Upon using, we get the following :
\[\Rightarrow {{\left( x+5 \right)}^{n}}={}^{n}{{C}_{0}}\left( {{x}^{n}} \right){{5}^{0}}+{}^{n}{{C}_{1}}\left( 5 \right){{\left( x \right)}^{n-1}}+{}^{n}{{C}_{2}}{{\left( 5 \right)}^{2}}{{\left( x \right)}^{n-2}}+.....+{}^{n}{{C}_{n}}{{\left( 5 \right)}^{n}}{{x}^{0}}\]
We know that the value of $n$in this question is $2$. Let us substitute that.

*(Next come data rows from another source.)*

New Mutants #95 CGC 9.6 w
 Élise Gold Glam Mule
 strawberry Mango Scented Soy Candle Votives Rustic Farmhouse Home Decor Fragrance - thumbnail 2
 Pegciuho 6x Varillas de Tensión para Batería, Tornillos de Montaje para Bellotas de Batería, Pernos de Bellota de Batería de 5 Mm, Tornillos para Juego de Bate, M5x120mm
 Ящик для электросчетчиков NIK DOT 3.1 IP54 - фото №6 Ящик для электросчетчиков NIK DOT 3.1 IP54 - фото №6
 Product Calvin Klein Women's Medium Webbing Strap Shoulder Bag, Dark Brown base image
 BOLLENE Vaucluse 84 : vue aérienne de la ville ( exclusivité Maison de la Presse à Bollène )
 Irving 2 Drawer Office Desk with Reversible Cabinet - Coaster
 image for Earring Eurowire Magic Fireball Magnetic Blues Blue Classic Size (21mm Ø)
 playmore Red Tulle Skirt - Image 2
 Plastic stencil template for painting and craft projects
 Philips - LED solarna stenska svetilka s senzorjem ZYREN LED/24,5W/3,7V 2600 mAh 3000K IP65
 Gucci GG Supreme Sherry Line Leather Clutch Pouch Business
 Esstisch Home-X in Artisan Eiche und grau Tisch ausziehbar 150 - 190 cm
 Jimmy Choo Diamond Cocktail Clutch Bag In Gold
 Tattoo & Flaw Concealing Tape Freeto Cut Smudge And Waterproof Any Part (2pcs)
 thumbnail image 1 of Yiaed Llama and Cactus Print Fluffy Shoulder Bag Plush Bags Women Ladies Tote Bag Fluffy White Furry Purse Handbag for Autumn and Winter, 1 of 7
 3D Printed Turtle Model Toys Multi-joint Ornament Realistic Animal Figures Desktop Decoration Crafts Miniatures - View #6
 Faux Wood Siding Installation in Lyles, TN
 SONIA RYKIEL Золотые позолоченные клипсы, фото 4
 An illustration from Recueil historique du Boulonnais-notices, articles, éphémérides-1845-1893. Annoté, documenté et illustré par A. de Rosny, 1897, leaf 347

Upon substituting, we get the following :
\[\begin{align}
  & \Rightarrow {{\left( x+5 \right)}^{n}}={}^{n}{{C}_{0}}\left( {{x}^{n}} \right){{5}^{0}}+{}^{n}{{C}_{1}}\left( 5 \right){{\left( x \right)}^{n-1}}+{}^{n}{{C}_{2}}{{\left( 5 \right)}^{2}}{{\left( x \right)}^{n-2}}+.....+{}^{n}{{C}_{n}}{{\left( 5 \right)}^{n}}{{x}^{0}} \\
 & \Rightarrow {{\left( x+5 \right)}^{2}}={}^{2}{{C}_{0}}\left( {{x}^{2}} \right){{5}^{0}}+{}^{2}{{C}_{1}}\left( 5 \right){{\left( x \right)}^{2-1}}+{}^{2}{{C}_{2}}{{\left( 5 \right)}^{2}}{{\left( x \right)}^{2-2}} \\
 & \Rightarrow {{\left( x+5 \right)}^{2}}=\left( {{x}^{2}} \right)+2\times \left( 5 \right)\left( x \right)+{{\left( 5 \right)}^{2}} \\
 & \Rightarrow {{\left( x+5 \right)}^{2}}={{x}^{2}}+10x+25 \\
\end{align}\]
We got the same result.

Note: For very small values of $n$ such as $2,3,4$ memorizing the formulae will help us save time in the exam. But for greater values of $n$ , binomial theorem is going to come in handy. But we should remember all the values of ${}^{n}{{C}_{r}}$ so as to solve them. We should be careful while solving as there is a scope for a lot of calculation errors.